→ **AVAILABLE DATA**:
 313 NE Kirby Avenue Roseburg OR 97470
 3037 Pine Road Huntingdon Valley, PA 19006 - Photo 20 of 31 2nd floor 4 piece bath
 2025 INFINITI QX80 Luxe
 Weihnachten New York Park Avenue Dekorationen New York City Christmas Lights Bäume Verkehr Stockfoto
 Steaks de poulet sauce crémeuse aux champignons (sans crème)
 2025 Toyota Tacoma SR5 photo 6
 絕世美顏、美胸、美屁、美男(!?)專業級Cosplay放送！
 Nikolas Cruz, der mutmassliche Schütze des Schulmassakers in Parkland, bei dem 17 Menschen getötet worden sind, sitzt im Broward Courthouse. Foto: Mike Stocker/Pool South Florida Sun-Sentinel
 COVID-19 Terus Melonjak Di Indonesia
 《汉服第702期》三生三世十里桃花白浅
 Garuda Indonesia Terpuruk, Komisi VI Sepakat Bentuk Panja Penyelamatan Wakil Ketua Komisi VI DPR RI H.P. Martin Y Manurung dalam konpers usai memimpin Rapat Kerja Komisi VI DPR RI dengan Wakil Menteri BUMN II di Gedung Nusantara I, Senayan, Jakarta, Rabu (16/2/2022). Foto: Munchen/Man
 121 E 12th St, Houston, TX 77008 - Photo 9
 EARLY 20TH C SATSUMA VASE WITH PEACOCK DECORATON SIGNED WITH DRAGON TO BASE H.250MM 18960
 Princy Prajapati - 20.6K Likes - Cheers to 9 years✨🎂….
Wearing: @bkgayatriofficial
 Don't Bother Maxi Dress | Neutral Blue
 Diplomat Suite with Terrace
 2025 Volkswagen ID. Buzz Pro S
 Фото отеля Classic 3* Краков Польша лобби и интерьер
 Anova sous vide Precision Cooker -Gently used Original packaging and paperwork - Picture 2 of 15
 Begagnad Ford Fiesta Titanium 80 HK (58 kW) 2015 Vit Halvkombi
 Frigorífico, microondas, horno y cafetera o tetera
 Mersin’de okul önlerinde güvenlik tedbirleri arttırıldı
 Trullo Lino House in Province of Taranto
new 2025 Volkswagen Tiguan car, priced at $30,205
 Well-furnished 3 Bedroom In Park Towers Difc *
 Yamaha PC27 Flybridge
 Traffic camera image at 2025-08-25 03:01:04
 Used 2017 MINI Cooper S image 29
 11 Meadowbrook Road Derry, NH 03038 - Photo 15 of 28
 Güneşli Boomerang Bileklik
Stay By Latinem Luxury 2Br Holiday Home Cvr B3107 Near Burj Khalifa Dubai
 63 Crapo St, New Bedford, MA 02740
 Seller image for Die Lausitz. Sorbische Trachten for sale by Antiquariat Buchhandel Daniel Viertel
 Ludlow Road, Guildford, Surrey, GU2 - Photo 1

→ **PROBLEM DETAILS**:
A word-for-word copy of the lines above from the one with "2025 Volkswagen ID. Buzz Pro S" through the one with "Used 2017 MINI Cooper S image 29", inclusive, is the only output wanted.

→ **ANSWER SECTION**:
 2025 Volkswagen ID. Buzz Pro S
 Фото отеля Classic 3* Краков Польша лобби и интерьер
 Anova sous vide Precision Cooker -Gently used Original packaging and paperwork - Picture 2 of 15
 Begagnad Ford Fiesta Titanium 80 HK (58 kW) 2015 Vit Halvkombi
 Frigorífico, microondas, horno y cafetera o tetera
 Mersin’de okul önlerinde güvenlik tedbirleri arttırıldı
 Trullo Lino House in Province of Taranto
new 2025 Volkswagen Tiguan car, priced at $30,205
 Well-furnished 3 Bedroom In Park Towers Difc *
 Yamaha PC27 Flybridge
 Traffic camera image at 2025-08-25 03:01:04
 Used 2017 MINI Cooper S image 29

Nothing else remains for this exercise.